Time to Face Facts

Three years in, New START has performed exactly as advertised.


Three years ago today — April 8, 2010 — President Obama and then-President Dmitry Medvedev signed the New START agreement to reduce American and Russian deployed strategic nuclear forces to their lowest levels since the days when Dwight Eisenhower was president and the Cold War defined our relationship with the Russians.

That December in the Senate, we clawed our way to ratification with 71 votes, a big bipartisan statement that the arms control and nonproliferation consensus could hold together even in a polarized political culture. That statement was reaffirmed by treaty supporters from Henry Kissinger and James Baker — and every other living secretary of state — to President George Herbert Walker Bush.

Still, when I noted that far more ambitious treaties had previously been approved by votes of 90 or 95 to zero, a colleague of mine wondered whether in this hyper-partisan Washington, 71 might be the new 95.

I’m proud that in the end we sent a signal to the world that in American foreign policy, however uphill the slog and improbable the victory, partisan politics can still stop at the water’s edge.

But I’d like to see our country get back to the days of near unanimity on these vital issues — because the commitment to nonproliferation and arms control that began under Presidents Nixon and Reagan should continue well into the future.

How do we do that?

We start by relentlessly following the facts, and the facts are that through the last two-plus years since the treaty entered into force, despite any of the alarm bells treaty foes may have rung, the treaty is working — exactly as advertised.

Follow the facts.

We and the Russians both have "boots back on the ground" — inspectors who monitor the inner workings of our respective strategic forces. 

New START is maintaining stability and predictability between the world’s largest nuclear powers, as we promised.

So far, the United States and Russia have completed 78 on-site inspections. On top of that, we have exchanged over 4,000 notifications on the numbers, locations, and movements of our strategic forces.

On a day-in, day-out basis, we have a real-time picture of what is going on with the Russians’ strategic forces, and they have the same with ours.

The inspection teams are thus steadily confirming that the treaty’s verification regime works. Accurate and timely knowledge of each other’s nuclear forces dampens the risks of misunderstanding, mistrust, and worst-case analysis and decision-making. Such mutual confidence and predictability are crucial to international stability.

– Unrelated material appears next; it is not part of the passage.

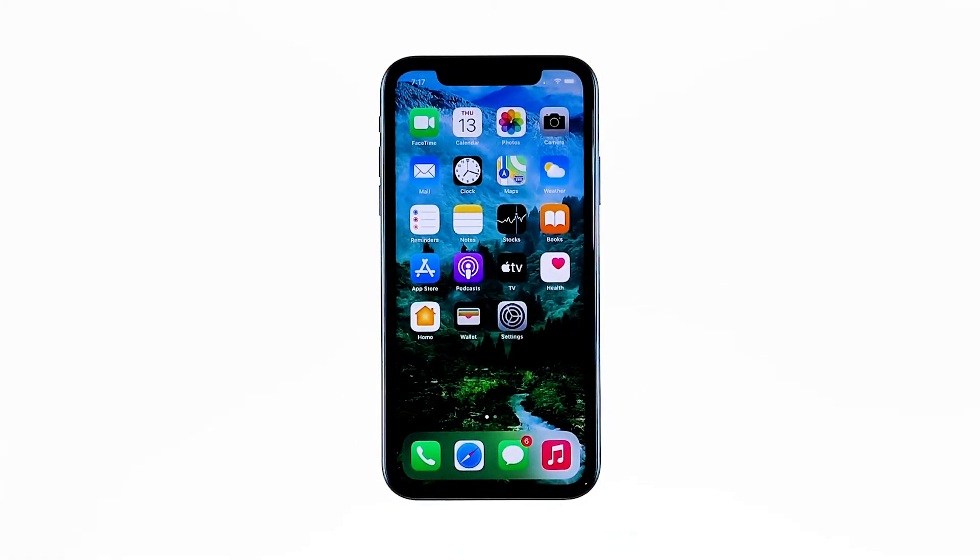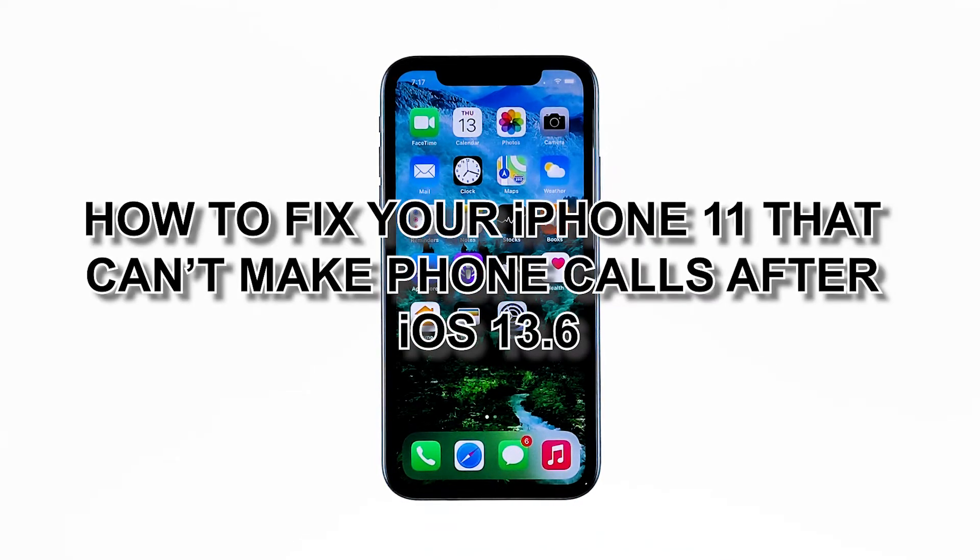When users cannot make phone calls on their devices, the first thing they usually do is contact their service network provider for assistance. But if you think your payment is up-to-date and the problem isn't account-related, calling your network provider should be your last resort. In this video, I will be showing you how to fix your iPhone 11 that can't make phone calls after iOS 13.6.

Looking ahead, the administration is going to continue to advance nuclear security policies in ways that meet both the challenges of the world in which we now live, as well as those on the horizon. We know that the traditional concept of nuclear deterrence — the idea that a country would not initiate a nuclear war for fear of nuclear retaliation — does not apply to terrorists. We know that our greatest nuclear threat is no longer a large-scale nuclear exchange, but the danger that terrorists could acquire nuclear materials or, worse, a nuclear weapon.  

That is why concerted action by the United States and Russia — and indeed, by all nuclear-weapon states — to reduce their arsenals is important. These reductions go hand in hand with our efforts to strengthen the nuclear nonproliferation regime, hold Iran and North Korea to account, and secure vulnerable nuclear materials around the world against terrorist theft. All of these steps contribute to countering the paramount threat of nuclear terrorism.

As we move forward, Washington and Moscow have a particular responsibility to set an example for the world, because we still deploy over 90 percent of the nuclear weapons on our planet.

When signing New START three years ago in Prague, President Obama made it clear he intended to seek further reductions in all types of nuclear weapons: strategic and nonstrategic, deployed and non-deployed.  

We will follow through on this goal in a deliberate, step-by step manner, proactively consulting with Capitol Hill, talking with our allies and engaging Russia on future negotiations. To be clear: reducing nuclear weapons is not an end in and of itself, but a means toward creating a safer and more stable world. We’ll only make reductions that are in our national security interest, and that of our allies.

But make no mistake on this anniversary of its signing: New START was neither the first step nor the last, but a vital step that moves us forward.

In a dangerous and volatile world, those are the facts, and as we confront threats far and wide, from the DMZ to Tehran, it is through facts that we need to rebuild consensus — and do what we must to keep America safe.